GIUSTIZIA

Giustizia Amara

Giustizia Amara

L’ombra di Eni sonnecchia dietro il pirotecnico scandalo della (presunta) loggia Ungheria. Non solo perché Piero Amara, protagonista del caso, era l’avvocato che ha avuto per anni incarichi milionari dalla compagnia petrolifera. Ma anche perché il suo comportamento processuale è strettamente legato alle indagini (transitate da Trani a Siracusa fino a Milano) sul cosiddetto complotto che avrebbe egli stesso ordito per infangare i nemici di Eni e rallentare e intorbidare le indagini milanesi sulle tangenti di cui Eni era accusata per affari in Algeria e in Nigeria (per cui la compagnia è stata infine assolta).

Amara era contemporaneamente indagato e testimone, regista di complotti e possibile denunciante delle manovre e dei depistaggi di cui era stato autore: in proprio (come ripete Eni), o per conto di autorevoli mandanti (come sostiene, forse con qualche intermittenza, Amara, indicando i vertici del Cane a sei zampe)?

Rebus per ora senza soluzione. In questa storia il vero e il falso sono sempre abilmente miscelati, perfino con un pizzico di voluttà, secondo un’antica tradizione italiana. Come trattare, allora, un tale centauro? Come valorizzare le sue accuse, se vere, ma ripulendole dal fango? Su questo si sono slabbrati e poi lacerati i rapporti tra magistrati valenti, Paolo Storari da una parte, Francesco Greco, Fabio De Pasquale e Laura Pedio dall’altra.

Nelle ultime ore, sono scesi in partita anche gli altri inquilini del Palazzo di giustizia milanese, il presidente del Tribunale, Roberto Bichi, e il procuratore generale, Francesca Nanni. Questa ha chiesto al procuratore Greco una relazione sulla vicenda Amara, in nome del suo “potere di vigilanza” sull’attività della Procura.
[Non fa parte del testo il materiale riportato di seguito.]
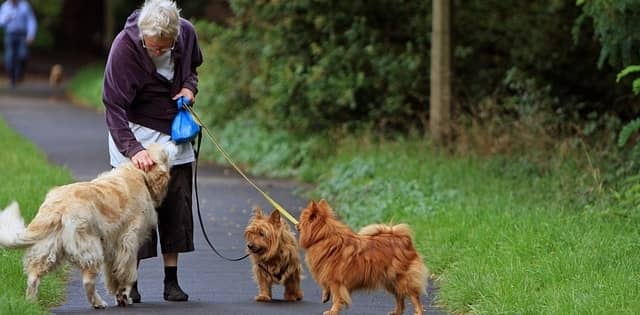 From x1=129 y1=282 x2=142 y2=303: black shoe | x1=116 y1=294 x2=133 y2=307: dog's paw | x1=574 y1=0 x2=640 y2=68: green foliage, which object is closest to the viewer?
x1=116 y1=294 x2=133 y2=307: dog's paw

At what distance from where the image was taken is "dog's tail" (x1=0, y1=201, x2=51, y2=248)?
800 cm

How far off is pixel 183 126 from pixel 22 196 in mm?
3939

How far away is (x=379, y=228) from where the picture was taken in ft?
28.0

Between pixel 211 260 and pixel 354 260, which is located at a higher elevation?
pixel 354 260

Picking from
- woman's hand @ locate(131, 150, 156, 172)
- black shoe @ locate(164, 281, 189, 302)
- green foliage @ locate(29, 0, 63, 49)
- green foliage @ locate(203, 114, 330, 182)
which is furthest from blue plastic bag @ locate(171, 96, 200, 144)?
green foliage @ locate(29, 0, 63, 49)

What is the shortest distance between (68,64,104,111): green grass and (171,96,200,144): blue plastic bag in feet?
63.1

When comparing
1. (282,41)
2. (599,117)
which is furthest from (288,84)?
(599,117)

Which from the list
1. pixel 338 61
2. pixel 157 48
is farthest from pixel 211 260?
pixel 338 61

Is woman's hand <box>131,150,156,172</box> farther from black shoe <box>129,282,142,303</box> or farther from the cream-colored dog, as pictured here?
black shoe <box>129,282,142,303</box>

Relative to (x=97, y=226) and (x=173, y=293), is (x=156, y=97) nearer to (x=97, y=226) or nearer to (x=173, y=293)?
(x=97, y=226)

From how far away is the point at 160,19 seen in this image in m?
8.62

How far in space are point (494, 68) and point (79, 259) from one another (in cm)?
1174

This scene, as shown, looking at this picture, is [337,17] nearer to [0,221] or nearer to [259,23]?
[259,23]

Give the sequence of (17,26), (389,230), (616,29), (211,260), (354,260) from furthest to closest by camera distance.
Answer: (17,26), (616,29), (211,260), (389,230), (354,260)
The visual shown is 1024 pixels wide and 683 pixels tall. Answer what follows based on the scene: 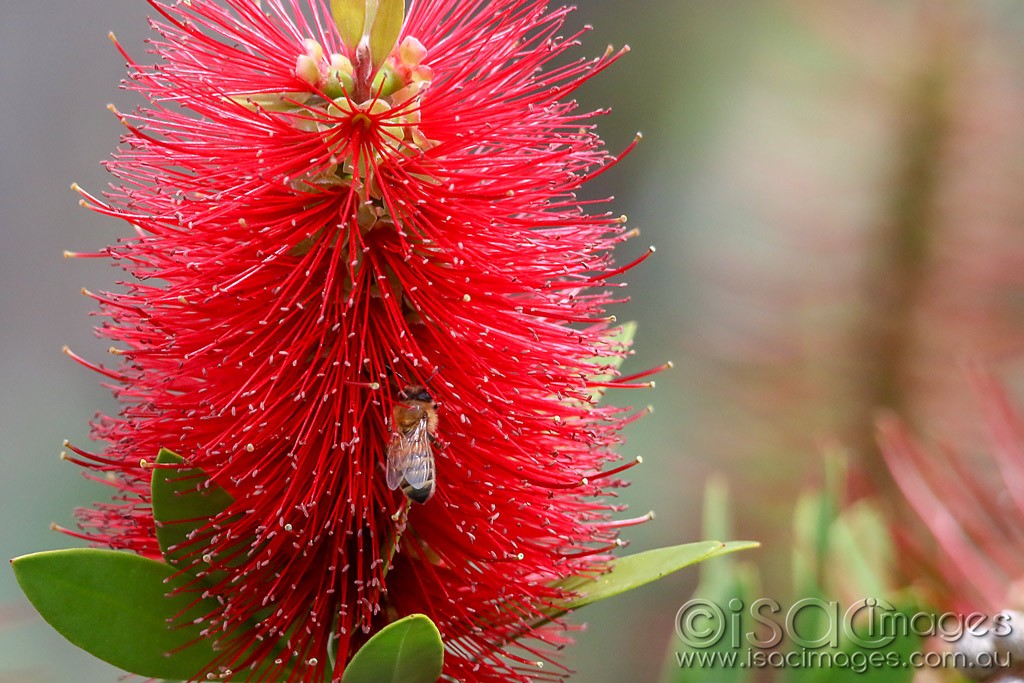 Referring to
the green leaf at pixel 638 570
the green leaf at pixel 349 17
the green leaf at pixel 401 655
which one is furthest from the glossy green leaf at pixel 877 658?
the green leaf at pixel 349 17

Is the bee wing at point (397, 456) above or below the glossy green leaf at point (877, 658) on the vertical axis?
above

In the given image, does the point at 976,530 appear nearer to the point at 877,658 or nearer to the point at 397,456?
the point at 877,658

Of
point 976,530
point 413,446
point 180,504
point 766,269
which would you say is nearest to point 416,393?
point 413,446

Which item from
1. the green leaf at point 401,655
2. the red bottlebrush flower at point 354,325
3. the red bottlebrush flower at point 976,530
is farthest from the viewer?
the red bottlebrush flower at point 976,530

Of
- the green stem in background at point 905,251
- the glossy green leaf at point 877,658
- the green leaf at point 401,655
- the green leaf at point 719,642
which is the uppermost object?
the green stem in background at point 905,251

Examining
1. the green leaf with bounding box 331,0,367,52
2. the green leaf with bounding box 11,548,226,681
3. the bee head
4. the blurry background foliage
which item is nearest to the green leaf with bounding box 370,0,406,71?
the green leaf with bounding box 331,0,367,52

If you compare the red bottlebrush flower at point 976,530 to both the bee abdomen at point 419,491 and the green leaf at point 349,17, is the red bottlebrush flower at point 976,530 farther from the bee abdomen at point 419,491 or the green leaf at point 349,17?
the green leaf at point 349,17

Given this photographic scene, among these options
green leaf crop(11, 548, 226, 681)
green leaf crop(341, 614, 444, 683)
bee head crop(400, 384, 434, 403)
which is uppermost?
bee head crop(400, 384, 434, 403)

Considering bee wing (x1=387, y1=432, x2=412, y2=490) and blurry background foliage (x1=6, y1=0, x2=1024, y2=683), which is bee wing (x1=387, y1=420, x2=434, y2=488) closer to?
bee wing (x1=387, y1=432, x2=412, y2=490) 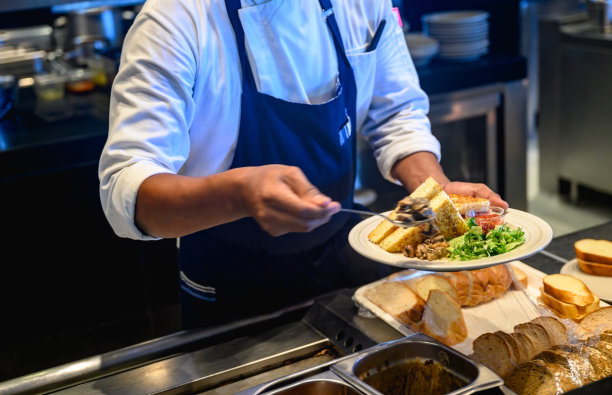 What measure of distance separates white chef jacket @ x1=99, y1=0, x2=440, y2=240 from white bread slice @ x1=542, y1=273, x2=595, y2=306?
20.7 inches

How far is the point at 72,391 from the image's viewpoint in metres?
1.61

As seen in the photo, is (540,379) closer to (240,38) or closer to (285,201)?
(285,201)

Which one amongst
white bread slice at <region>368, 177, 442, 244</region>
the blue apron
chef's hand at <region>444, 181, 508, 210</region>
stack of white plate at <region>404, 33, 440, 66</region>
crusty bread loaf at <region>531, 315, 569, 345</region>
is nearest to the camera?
crusty bread loaf at <region>531, 315, 569, 345</region>

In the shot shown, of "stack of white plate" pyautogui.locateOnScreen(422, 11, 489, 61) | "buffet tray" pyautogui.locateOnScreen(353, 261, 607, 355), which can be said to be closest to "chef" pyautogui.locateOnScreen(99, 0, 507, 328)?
"buffet tray" pyautogui.locateOnScreen(353, 261, 607, 355)

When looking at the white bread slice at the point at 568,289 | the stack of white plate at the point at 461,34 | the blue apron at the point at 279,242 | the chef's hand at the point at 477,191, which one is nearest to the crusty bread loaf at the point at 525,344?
the white bread slice at the point at 568,289

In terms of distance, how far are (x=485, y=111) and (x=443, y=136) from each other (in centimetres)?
26

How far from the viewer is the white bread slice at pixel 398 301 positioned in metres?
1.73

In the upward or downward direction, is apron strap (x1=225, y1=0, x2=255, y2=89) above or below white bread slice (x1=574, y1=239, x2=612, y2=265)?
above

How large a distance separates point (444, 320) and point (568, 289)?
32 centimetres

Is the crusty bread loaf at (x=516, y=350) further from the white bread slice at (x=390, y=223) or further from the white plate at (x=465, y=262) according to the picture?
the white bread slice at (x=390, y=223)

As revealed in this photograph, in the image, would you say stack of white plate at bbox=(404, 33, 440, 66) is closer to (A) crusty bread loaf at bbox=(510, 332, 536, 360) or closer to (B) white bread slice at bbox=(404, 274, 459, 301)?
(B) white bread slice at bbox=(404, 274, 459, 301)

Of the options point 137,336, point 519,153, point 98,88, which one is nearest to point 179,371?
point 137,336

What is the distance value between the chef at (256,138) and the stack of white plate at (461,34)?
189 cm

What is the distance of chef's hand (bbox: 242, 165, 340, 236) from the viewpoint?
4.58 ft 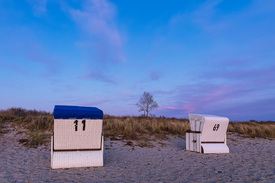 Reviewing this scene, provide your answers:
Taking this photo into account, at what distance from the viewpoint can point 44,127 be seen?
42.5 feet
Bichi ha invece acquisito nei giorni scorsi dalla Procura di Brescia gli atti di un fascicolo che ha a che fare proprio con Amara e con Eni.

A farlo aprire erano stati Greco e Pedio, che erano andati a portare al procuratore di Brescia Francesco Prete, competente sulle toghe milanesi, uno piccolo stralcio dei verbali di Amara ora diventati caso nazionale: quello in cui l’avvocato sosteneva di aver saputo (de relato, da voci interne a Eni) che due autorevoli avvocati della compagnia, Paola Severino e Nerio Diodà, ritenevano il presidente del processo Eni-Nigeria, Marco Tremolada, giudice al quale potevano “avere accesso”.

Poi, il 5 febbraio 2020, i pm del processo Eni-Nigeria, Fabio De Pasquale e Sergio Spadaro, avevano chiesto direttamente al Tribunale presieduto da Tremolada di sentire Amara, su “interferenze di Eni su magistrati milanesi in relazione al processo”. Tremolada aveva rigettato la richiesta. E nel dicembre successivo la Procura di Brescia aveva archiviato l’indagine, senza aver iscritto alcun nome sul registro degli indagati.